If the hacking attack was orchestrated because a Politburo member was unhappy with the information he found on Google about himself, it shows how power is being used in China; that there is no dividing line between the institutions of the state and the personal interests of the people in power.

  • A Politburo Orchestrated Attack Is Very Plausible, writes Gady Epstein at Forbes:
Considering that Google is based in the United States and that Beijing and Google have surely long eyed each other with suspicion, it is easy to see why not just one, but all of China’s top leaders would be unhappy with the search engine’s influence on their Web reputations... The difference between Google and [other search engines] is that Beijing can and does order Baidu and Sina to “harmonize” such search results to avoid embarrassing top officials.

...The Politburo Standing Committee have never had anything like that control over Google (even, you could argue, when the search engine was offering its censored domestic version of the service), and that must have irked them and many others in the government.

  • This Strengthens the Case That China Did It, writes Thomas Claburn at Information Week:

Security companies said as much back in January. A report issued by iDefense, a computer security company owned by Verisign, claimed that 33 other companies were targeted in the cyber attack and that those responsible were working either directly for, or on behalf of, official intelligence entities of the People's Republic of China. Such claims however have always proven problematic because finding the IP address of a computer through which an attack was conducted doesn't definitively reveal who controlled that computer or directed those responsible. And indeed, Chinese officials have repeatedly denied any involvement in the attack on Google and other companies.

  • Will Either Country Acknowledge the Leak? wonders Jose Vilches at Tech Spot:

The documents suggest the Chinese government has also broken into American government computers and those of Western allies, the Dalai Lama and American businesses since 2002. So far, there has been no official reaction from either the U.S. or Chinese government to this specific story. However, given that the documents apparently only refer to an embassy “contact” and not to any hard evidence, it will likely remain the same way.

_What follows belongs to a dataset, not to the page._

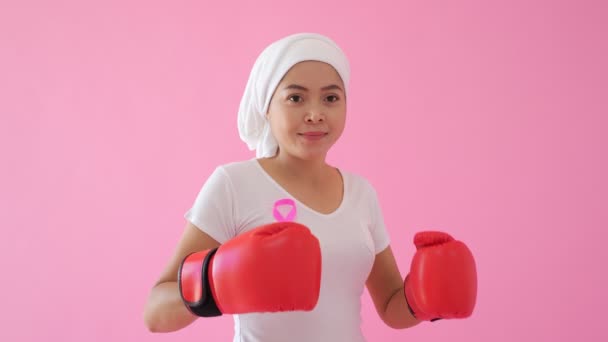 亚洲女人 带着粉红缎带和拳击手套 在粉红的背景上看着相机 乳腺癌概念 — 图库视频影像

  • We've Heard a Version of This Story Before, writes Peter Foster at The Telegraph:
It has marked similarities to an almost certainly apocryphal story involving of Jiang Mianheng, the son of the former Chinese President Jiang Zemin. The story goes that on a visit to inspect new Chinese high-speed internet equipment, an engineer typed “Jiang Zemin” into the Google search box only for it to return an entry headlined “Evil Jiang Zemin”, whereupon Jiang promptly ordered the site to be blocked.
  • We Can't Confirm This Yet, writes Barney Jopson at the Financial Times:
Unfortunately, the original cables have not been released into the public domain by the newspapers or Wikileaks itself, so it’s not possible to reconcile some of the inconsistencies in the reporting or gauge the credibility of the US’s source... The source could have been relaying a bit of idle gossip from someone who is not familiar with the matter, in which case it would not be anything to get excited about.
  • Let's Not Jump to Conclusions, writes Adam Segal at the Council on Foreign Relations:
The headline at TechCrunch is “WikiLeaked Diplomatic Cables Confirm China’s Politburo Was Behind Google Hacking Incident.” Confirm seems an overly strong word.  Certainly the method–a mix of government operatives and non state actors–is plausible.  But what about the certainty that is was the Politburo behind the attacks?  The cable cites a source who claims to know that someone in the Politburo ordered the attacks.  One source, and we have no idea who the source was, if they are in a position to know, and how seriously the embassy in Beijing took the information. All very interesting, but I would say we are a long way from confirming anything. Still, more documents are to be released, and maybe we’ll find out more.